Excellent Bearbait. 

I'm feeling the challenge from your story. Pt 3? 

Hope you had some Bolivian leaves with you.


----------



## M.J. (Feb 23, 2004)

great post


----------



## brianthebiker (Nov 1, 2005)

*Simply unbelievable!*

I trekked in Peru in 2004 and hope to go again soon to either Bolivia or Peru. A beautiful part of the world.....your pictures show the harshness of the Bolivian plains. I did a trek with support; you have some serious cajones to do the distances you did solo on a mtn bike. Hats off for one of the best Passion threads I have ever read!:thumbsup:

And please post more pics if you've got them.....living vicariously is all I can do until I get back down there;-)

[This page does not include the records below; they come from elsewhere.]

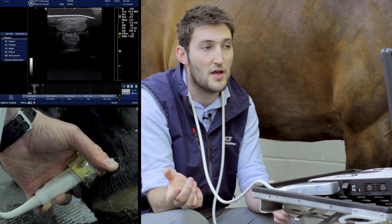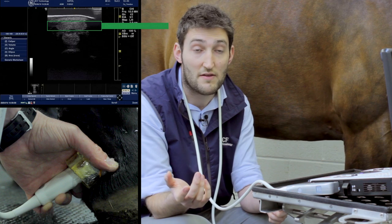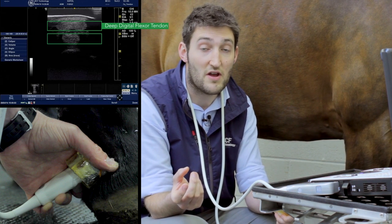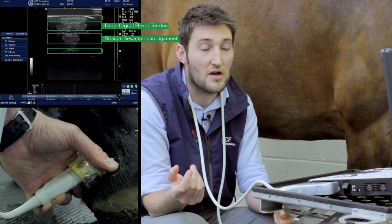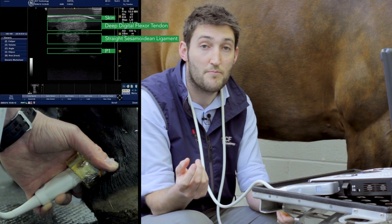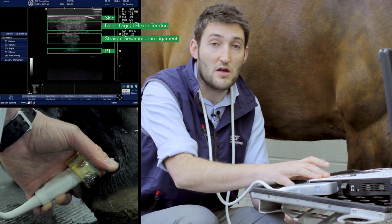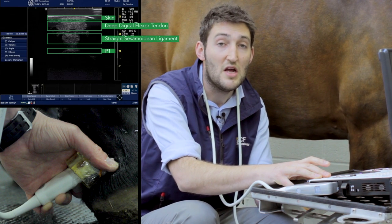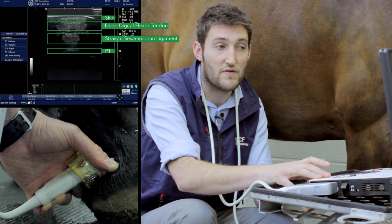Down in zone 2A, you can really see that bilobed appearance of the deep digital flexor tendon. We also have the straight sesamoidean ligaments, which will insert on the midline scutum just around the proximal border of P2. It's worth noting that it's quite easy to create hypoechoic lesions within those lobes of the deep digital flexor tendon.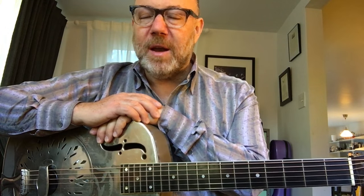Hello and welcome to Guitar Tips. My name is Adam Levy. This is my weekly video blog series. I post a new tip here each and every Friday.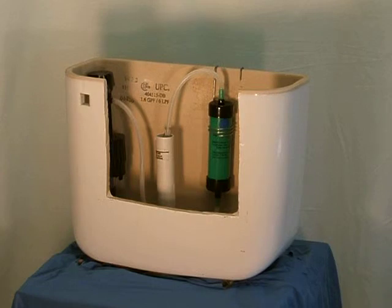For ease of installation, we recommend installing the unit at bedtime. After two hours or in the morning, it is ready to go.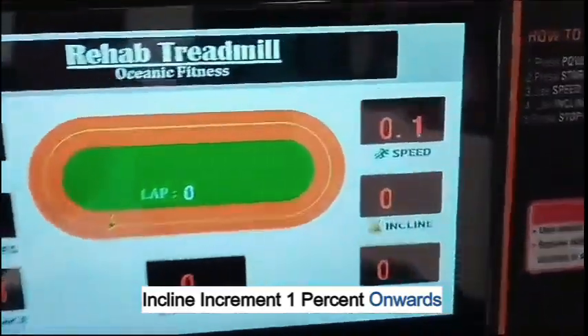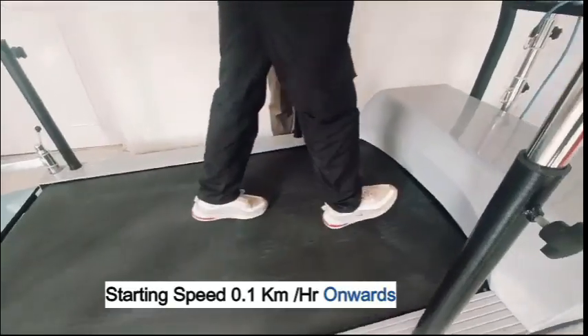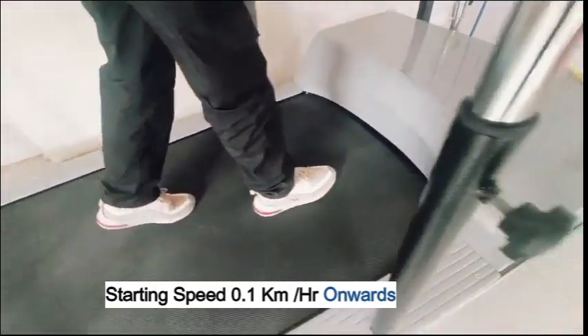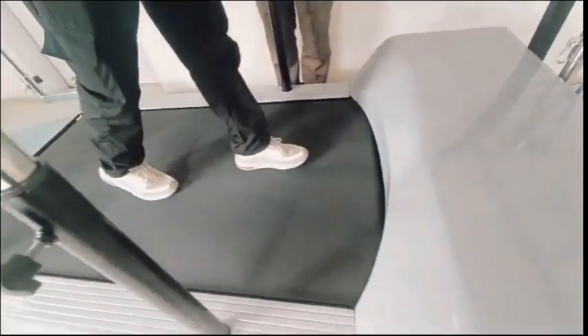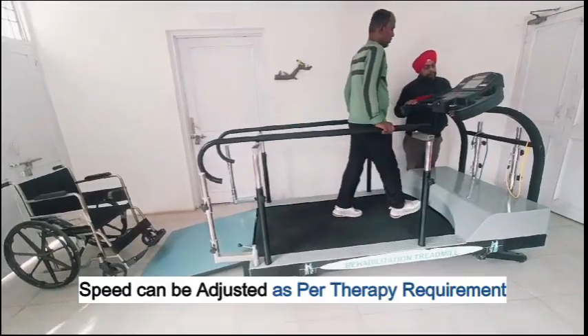Incline increment starts at 1% onwards. Starting speed begins at 0.1 km per hour and can be adjusted as per therapy requirement.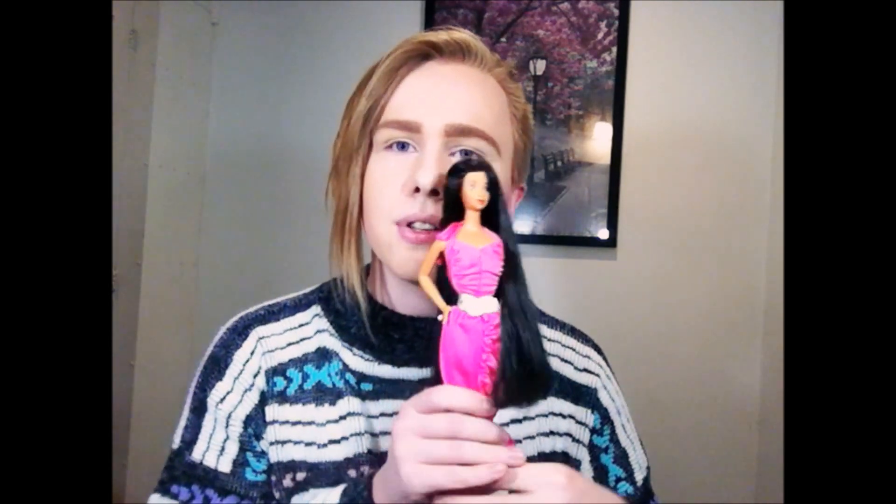Hey guys, it's me Raymond and I'm back today to bring you another doll review. Today we're gonna look at one of my very few different versions of Barbie, and that would be my Hispanic Twirly Curls Barbie.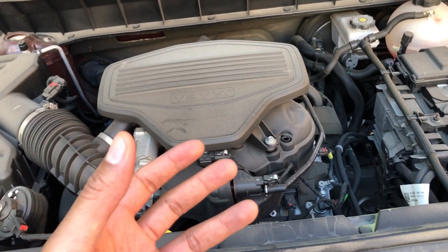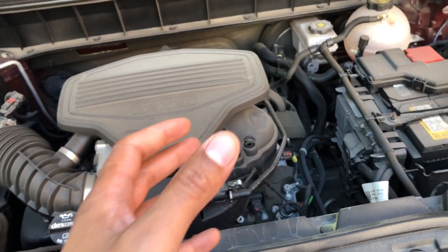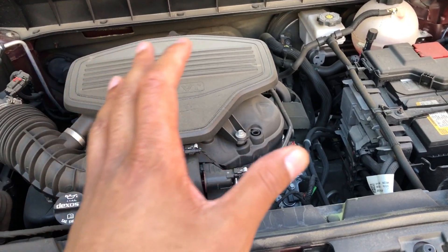This is the 2017 GMC Acadia. I'm going to show you where window washer fluid is added. So I'm in the front of the vehicle, looking at the engine.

Threads like this are the reason why I love mtbr!

EDIT: I just scrolled down and saw that you had additional pics......can I say it again? Unbelievable!

PS. How much money did you spend on your trip if you don't mind my asking? And what were the big expenses? You've got me thinking, and surely this cannot be a good thing;-)


----------



## Bearbait (Jan 14, 2004)

*Thanks*

Thanks everybody, glad you enjoyed it. Part 3 is on the way.

Shaheeb - yep had some coca leaves, made a potent morning tea with them:thumbsup: .

Brian - The trip was pretty cheap, I was down there for 5 months coming from Ecuador and Peru so I lost track of how much I spent. Bolivia is (I think) the cheapest south american country to travel in. Major expenses were long distance busses, and when I had to stock up on camping food.
E


----------



## brianthebiker (Nov 1, 2005)

*5 months?*



Bearbait said:


> Thanks everybody, glad you enjoyed it. Part 3 is on the way.
> 
> Shaheeb - yep had some coca leaves, made a potent morning tea with them:thumbsup: .
> 
> ...


Color me Green with envy!

Am always curious as to how people do these long trips.....were you between jobs?


----------



## Bearbait (Jan 14, 2004)

*Part 3 - Back north*

I spent 4 days in San Pedro, most of the time I spent resting and eating. Entering Chile was a bit of a shock in the wallet as prices for a room were quadruple what they were in La Paz and groceries were similar prices to the US. Although very satisfied with the accomplishments of making it to San Pedro, I felt like it was all passed too quickly and I quickly found myself looking at maps trying to find a new route back into the high country. I was also trying to contact the park rangers at Sajama National Park in Bolivia. When I first passed through 3 weeks earlier while biking to Arica, we hit it off and they had offered that I could try to Climb the Park's namesake 21,000' mountain with them. The phone connections were bad and nothing could be planned. I spent a wonderful afternoon mtn biking (unloaded!) in an amazing area called Valle de la luna, where red rock erosion and a large amount of salt in the soil made for some incredible terrain. Throwing in the towel for lack of ideas that night I jumped on an overnight buss to Arica, then another all day journey back to La Paz.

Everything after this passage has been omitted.